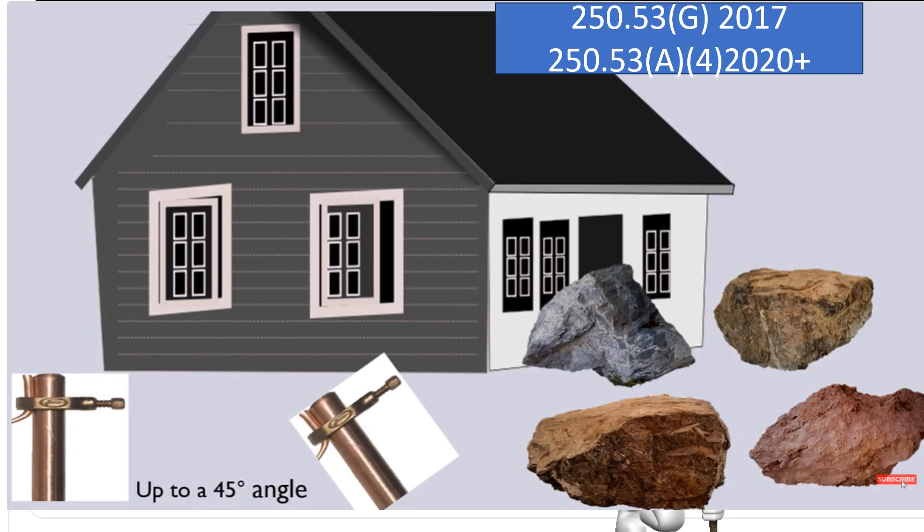Let's take a visual look at what we're talking about here. Let's imagine we've driven our first ground rod on the left, and then to satisfy other parts of the code, in this scenario, we're going to drive our second ground rod. And let's imagine that we hit rock — we're allowed to install that first or second ground rod up to a 45 degree angle.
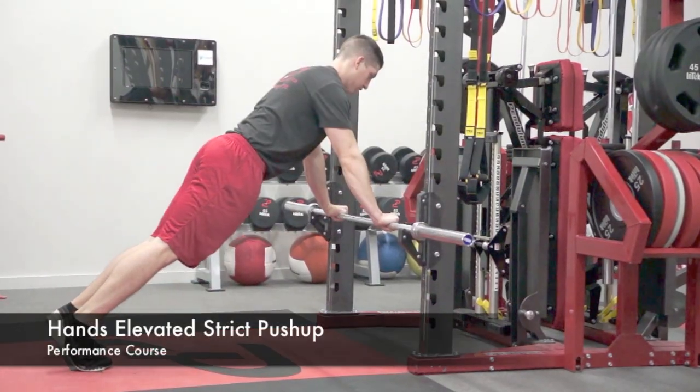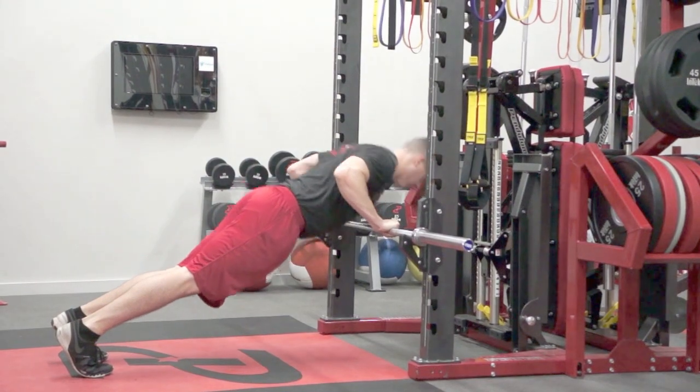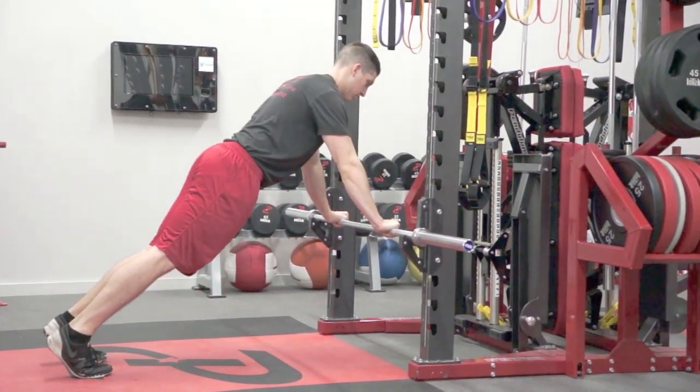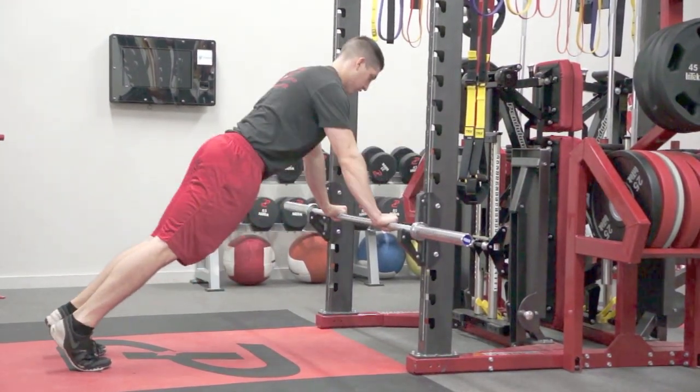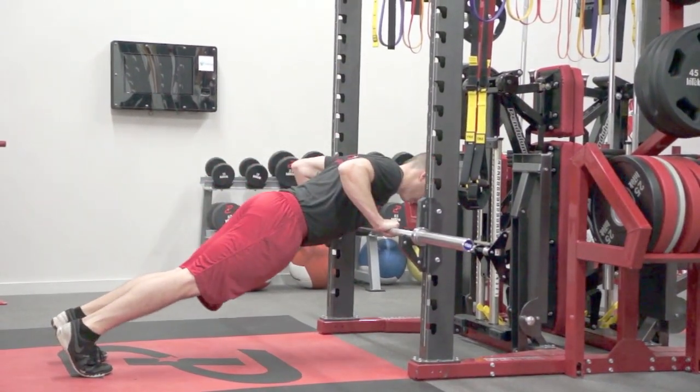The athlete will begin by grabbing the bar just outside shoulder width. They will lower themselves down, keeping their knees, hips, and shoulders in line until the bar touches the bottom of their sternum, and they will drive back up. They want to keep a vertical forearm directly in line with the bar.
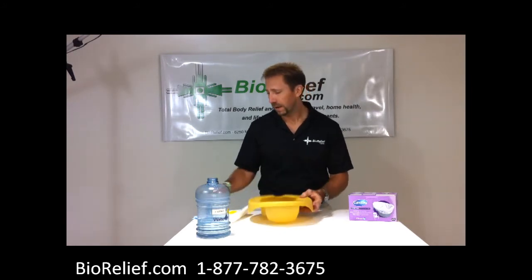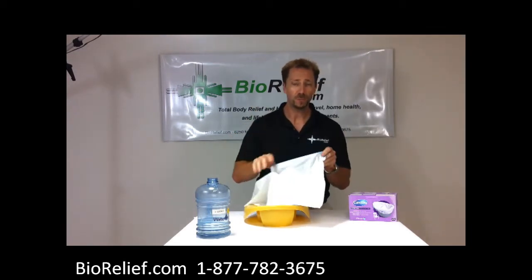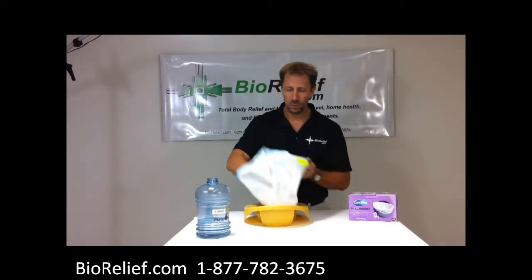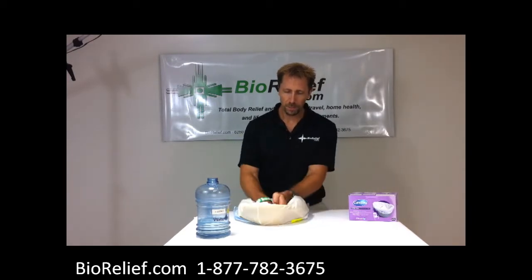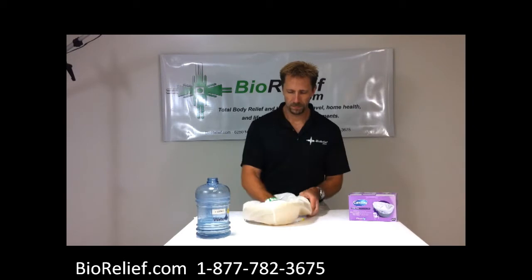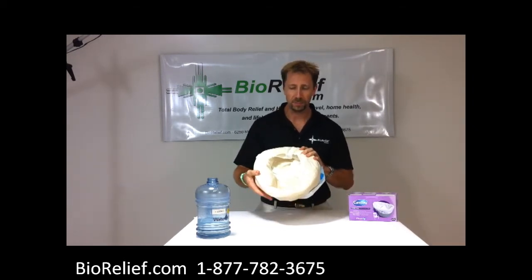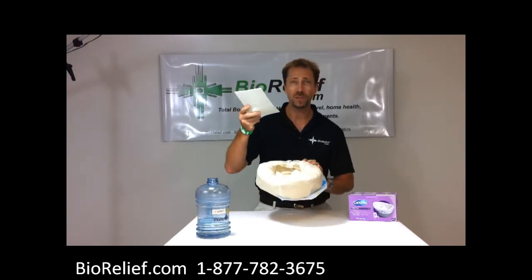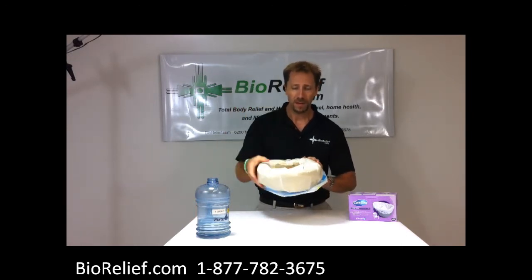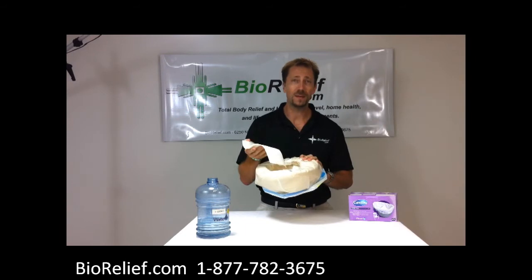Here we have a standard bedpan, and what we have here is just what resembles a trash bag that has drawstrings on it. What you do is you place the liner over the bedpan, so now you can see that the liner is pretty much covering the bedpan. You have an absorbency towel that comes with each bag — you lay that on top. This is the same type of material that's impregnated in diapers and other types of devices that absorb liquid.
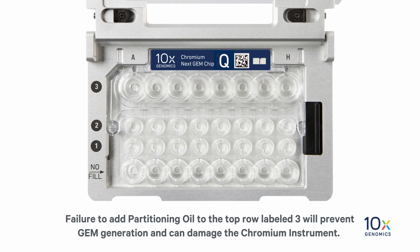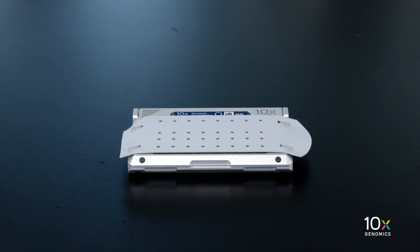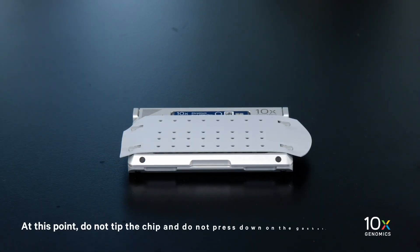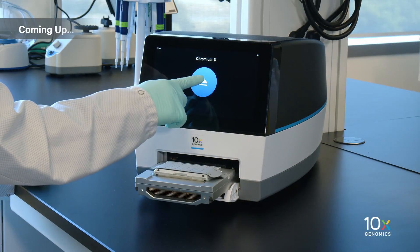Close the secondary holder lid and immediately run the chip in the Chromium instrument. At this point, do not tip the chip and do not press down on the gasket. The chip has been loaded. Next we will run the chip in the Chromium instrument.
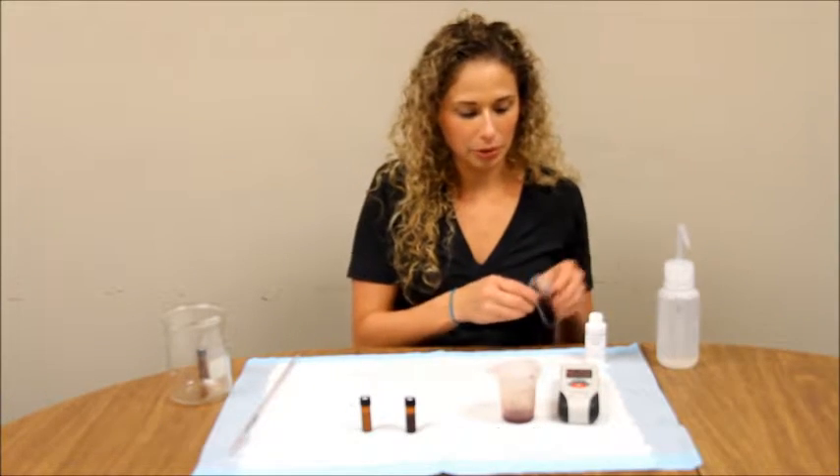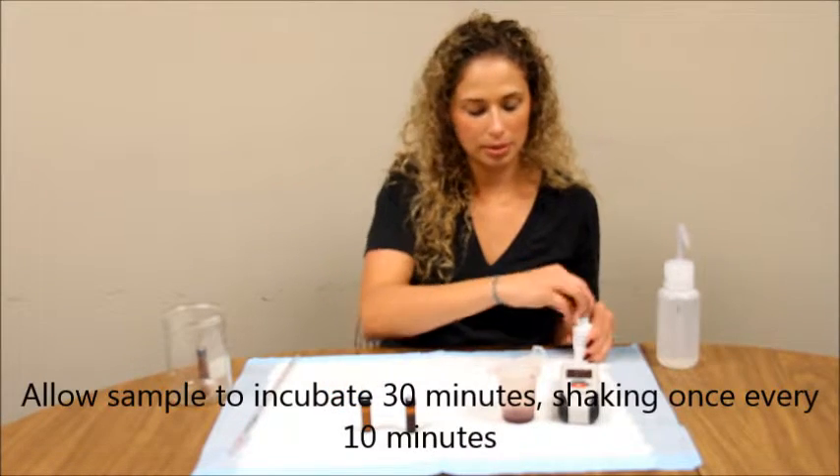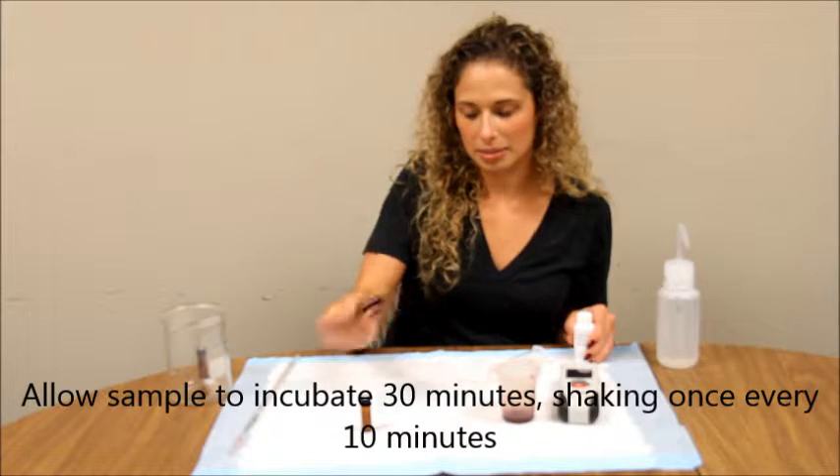Now let your vials incubate for 30 minutes, shaking once every 10 minutes.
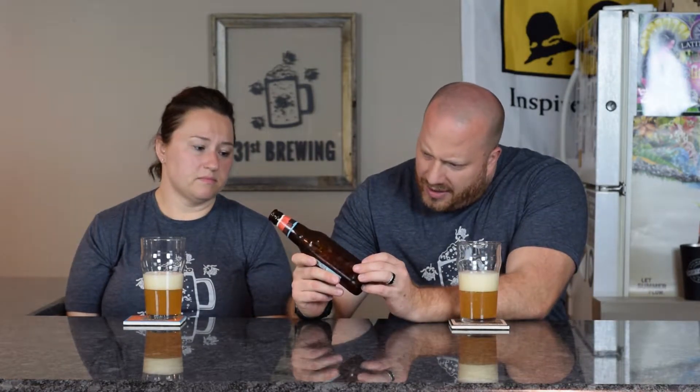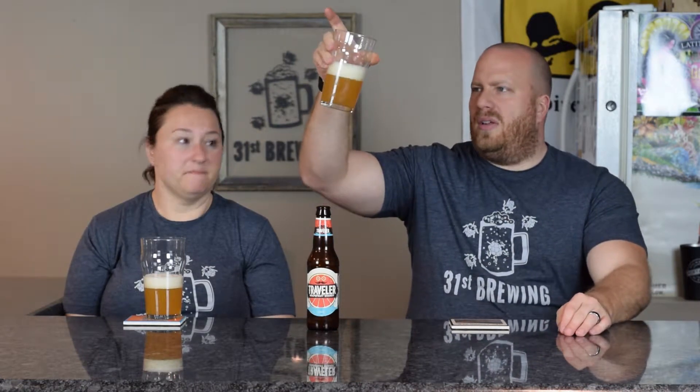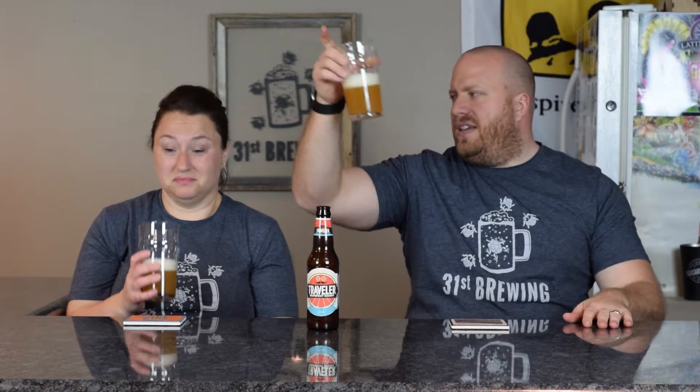Wow, look at that thickness. The Enjoy By date is July 2017, so we're good. It has a white head, small bubbles with some medium ones in there — about two fingers of head. It is hazy like a New England IPA. I cannot see through it. I can see some bubbles coming up. I would say a yellow, hazy yellow color.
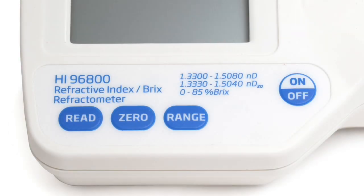The HI-96800 has a very simple layout with four dedicated keys: one for turning the meter on and off, one for calibration, one for taking a sample measurement, and one for selecting the appropriate range to be displayed.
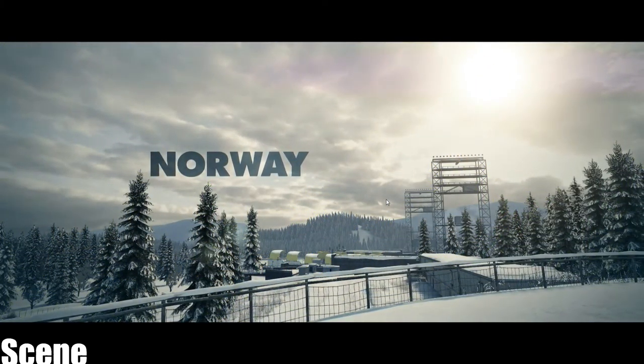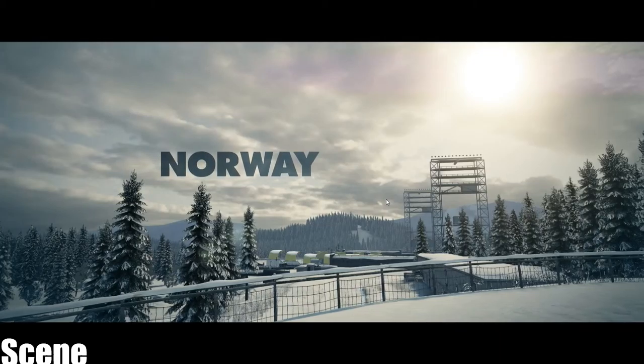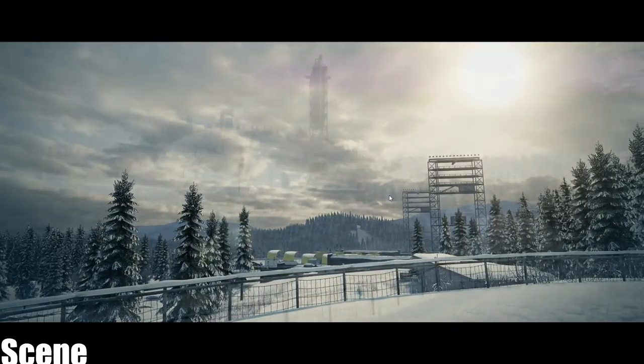Welcome to Norway, the land of the Vikings, and once home to the Winter Olympians, with unrelenting snow and ice.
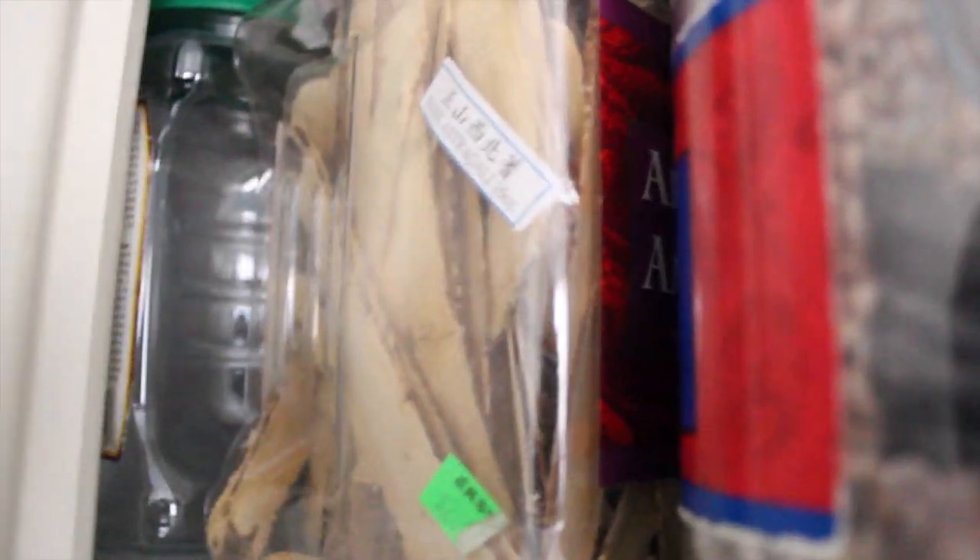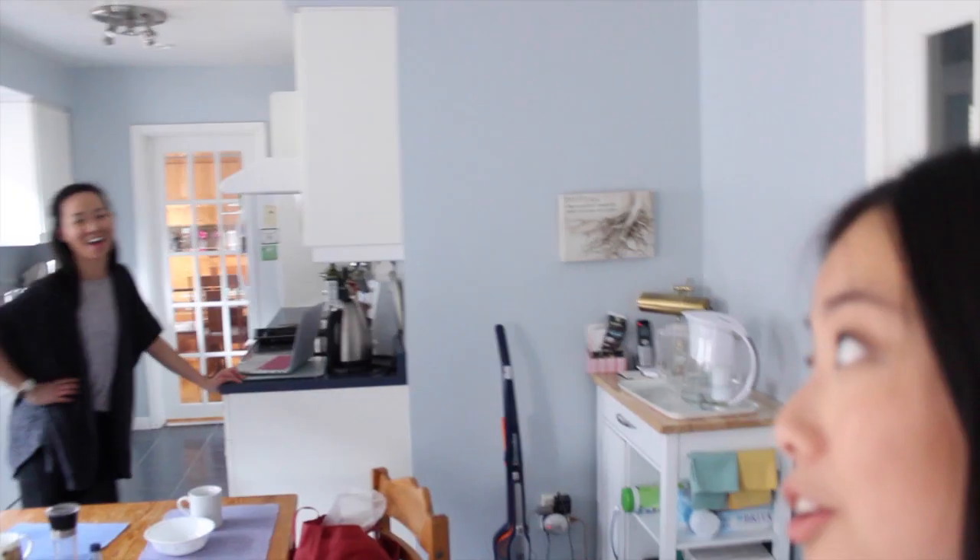Hey guys, so in every Asian household we have something called a pantry, and it's not full of your average dry ingredients — it's full of roots and stuff. What is this? Is this seafood? Some kind of plant? This is a longer version of a root. This challenge will be interesting because we're gonna be taste testing some roots. We're gonna be eating dirt!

Activity: Retype the entries verbatim and drop the pictures.

Answer space:
Let's take a visual look at what we're talking about here. Let's imagine we've driven our first ground rod on the left, and then to satisfy other parts of the code, in this scenario, we're going to drive our second ground rod. And let's imagine that we hit rock — we're allowed to install that first or second ground rod up to a 45 degree angle.
The athlete will begin by grabbing the bar just outside shoulder width. They will lower themselves down, keeping their knees, hips, and shoulders in line until the bar touches the bottom of their sternum, and they will drive back up. They want to keep a vertical forearm directly in line with the bar.
Here we have a standard bedpan, and what we have here is just what resembles a trash bag that has drawstrings on it. What you do is you place the liner over the bedpan, so now you can see that the liner is pretty much covering the bedpan. You have an absorbency towel that comes with each bag — you lay that on top. This is the same type of material that's impregnated in diapers and other types of devices that absorb liquid.
Close the secondary holder lid and immediately run the chip in the Chromium instrument. At this point, do not tip the chip and do not press down on the gasket. The chip has been loaded. Next we will run the chip in the Chromium instrument.
Now let your vials incubate for 30 minutes, shaking once every 10 minutes.
Wow, look at that thickness. The Enjoy By date is July 2017, so we're good. It has a white head, small bubbles with some medium ones in there — about two fingers of head. It is hazy like a New England IPA. I cannot see through it. I can see some bubbles coming up. I would say a yellow, hazy yellow color.
The HI-96800 has a very simple layout with four dedicated keys: one for turning the meter on and off, one for calibration, one for taking a sample measurement, and one for selecting the appropriate range to be displayed.
Welcome to Norway, the land of the Vikings, and once home to the Winter Olympians, with unrelenting snow and ice.
Hey guys, so in every Asian household we have something called a pantry, and it's not full of your average dry ingredients — it's full of roots and stuff. What is this? Is this seafood? Some kind of plant? This is a longer version of a root. This challenge will be interesting because we're gonna be taste testing some roots. We're gonna be eating dirt!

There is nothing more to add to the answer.